Russian President Vladimir Putin announced Monday, in a decree, that he would not organize his Friendship Games. Supposed to compete with the Olympic Games, they were initially planned for this year. Relations between Moscow and world sporting bodies have been consumed for several years by a multitude of conflicts, between state doping scandal in Russia and verbal escalations, espousing geopolitical tensions.
“In order to defend the rights of athletes and sports organizations to free access to international sporting activities”, Vladimir Putin ordered to “postpone until a special decision” the holding of the World Friendship Games, according to this decree. The Russian president ordered these Games to be organized a year ago. He touted them as an alternative to the Olympic Games, in the context of the offensive in Ukraine which led to a shower of Western sanctions against Moscow. they were initially planned for September in Moscow and Yekaterinburg, in the Urals. However, they never took place, without any official explanation being provided by the authorities.

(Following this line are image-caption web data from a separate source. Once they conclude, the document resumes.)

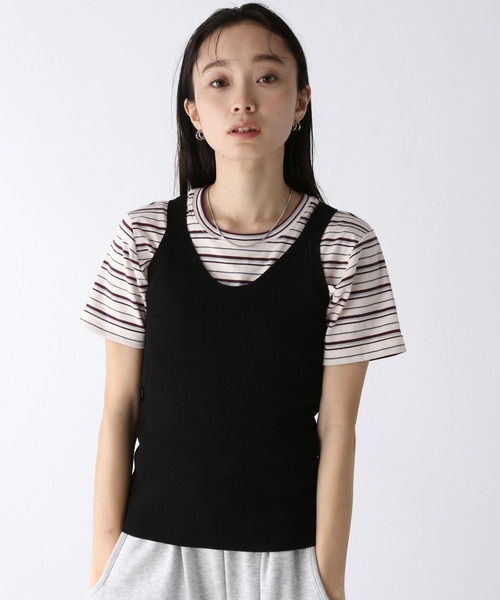 JEANASIS tシャツ シンプルフライスチビTEE SS/580592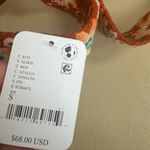 Free People Jenny Krauss Embroidered Belt wool, size small nwt Orange Photo 4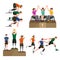 Disable Handicap Sport Games Stick Figure Pictogram Icons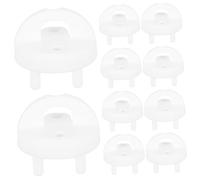 Hoement Lot de 10 Cache-prises Électriques Blancs en Plastique pour Sécurité Garçon et Filles, Protection Polyvalente pour Prises Françaises Écoles et Espaces Publics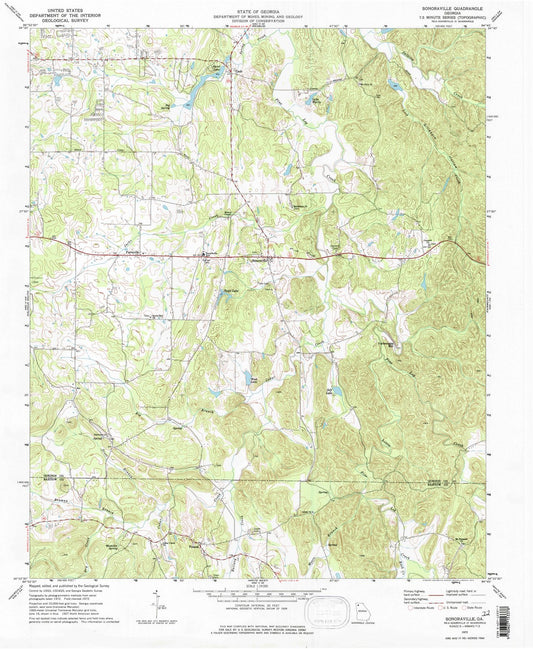 1972 Sonoraville, GA - Georgia - USGS Topographic Map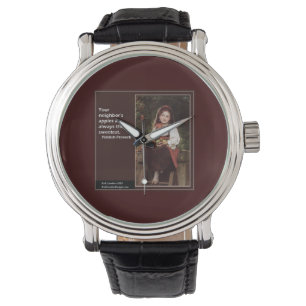De Pulsera Dicho Yiddish y pintura gráfica en reloj unisex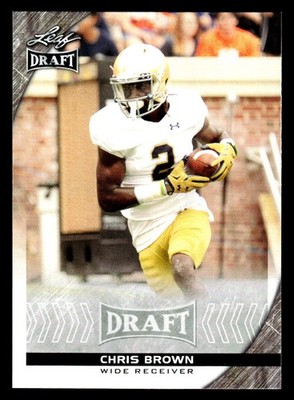 2016 Leaf Draft #14 Chris Brown Notre Dame Fighting Irish
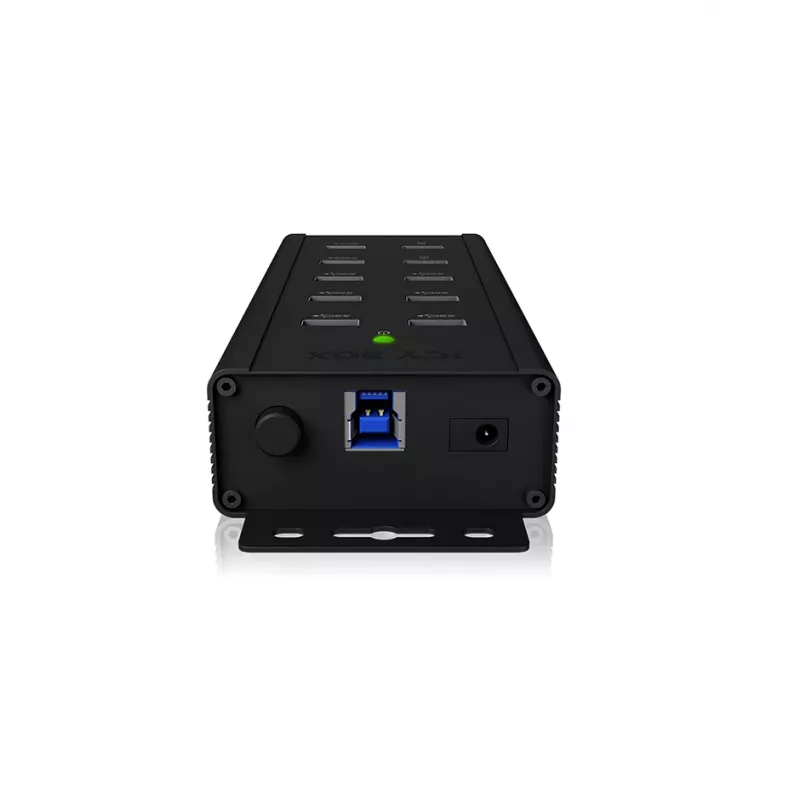 ICY BOX IB-HUB1703-QC3 USB 3.2 Gen 1 (3.1 Gen 1) Type-B 5000 Mbit/s negro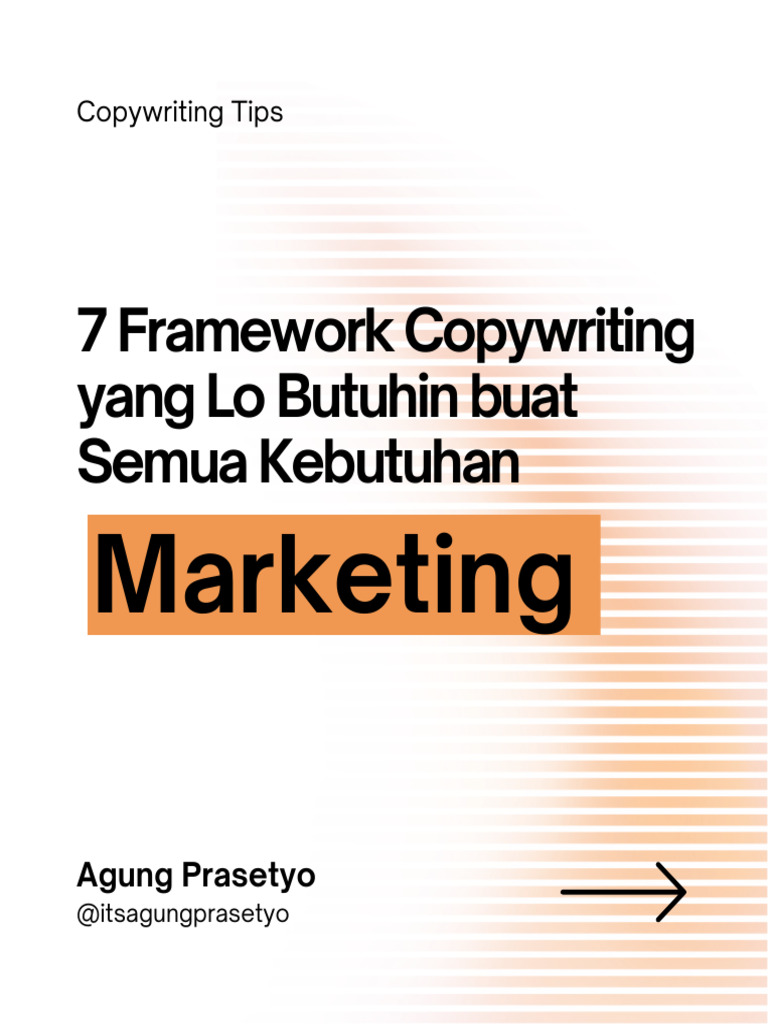 7 Framework Copywriting Efektif | PDF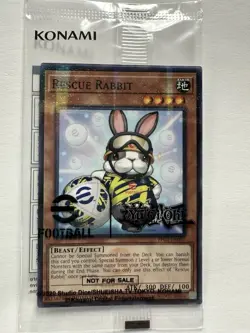 Yu-Gi-Oh! TCG Rescue Rabbit E-Football Limited Edition EFC1-EN001 - Image 1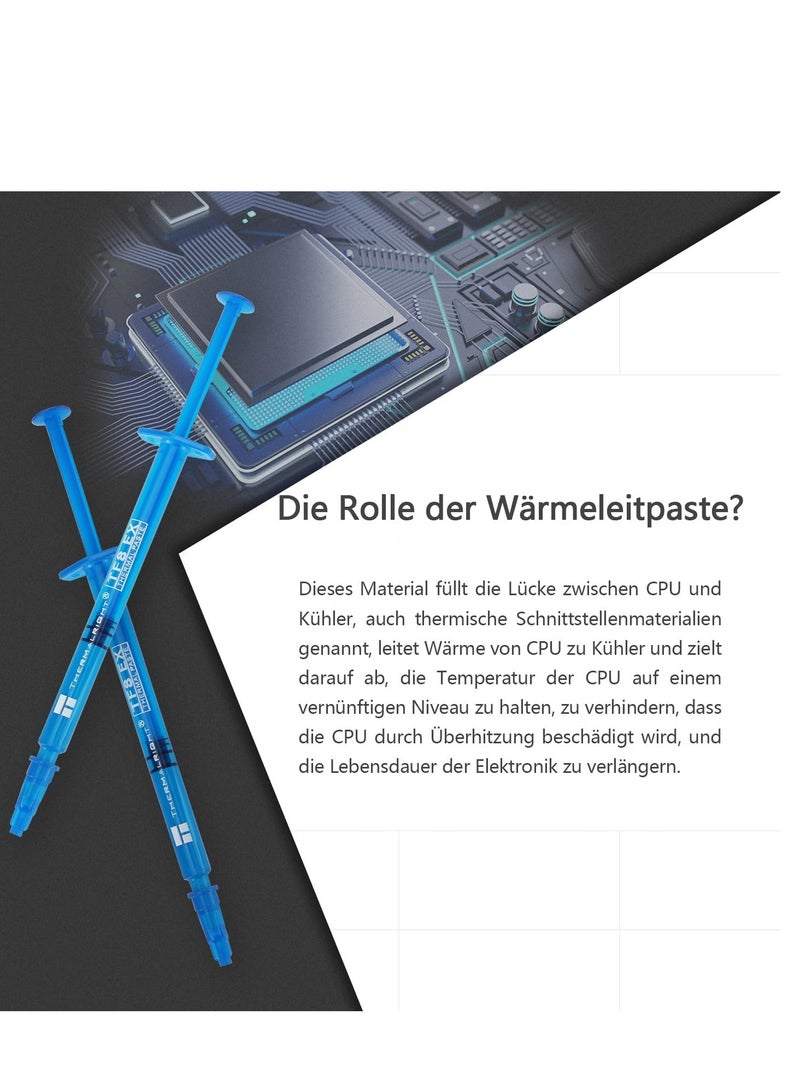 Thermalright TF8 EX High Performance Thermal Compound 1.5 Grams 14W/mK High Durability Easy to Apply New Improved CPU Cooling Paste for All Heatsink CPU Coolers with Application Tool - Image 3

Fifteen athletes under neutral banner in Paris
Russia, banned from world sport for its assault on Ukraine, was excluded as a nation from the Olympic Games this summer in Paris and was represented by only a small team of 15 athletes, competing under a neutral banner, after a very strict selection. Athletes authorized to compete had to have shown that they had not supported the Russian military intervention in Ukraine and that they did not belong to a sports club linked to the armed or security forces, as is sometimes the case. case in Russia.
Deprived of their flag and anthem in the French capital, many Russian athletes had chosen to give up competitions, denouncing “discriminatory” criteria. The IOC had accused Russia before the Paris Olympics of “politicizing” sport, and saw in the potential organization of the Friendship Games “a cynical attempt” to exploit athletes “for political propaganda purposes”.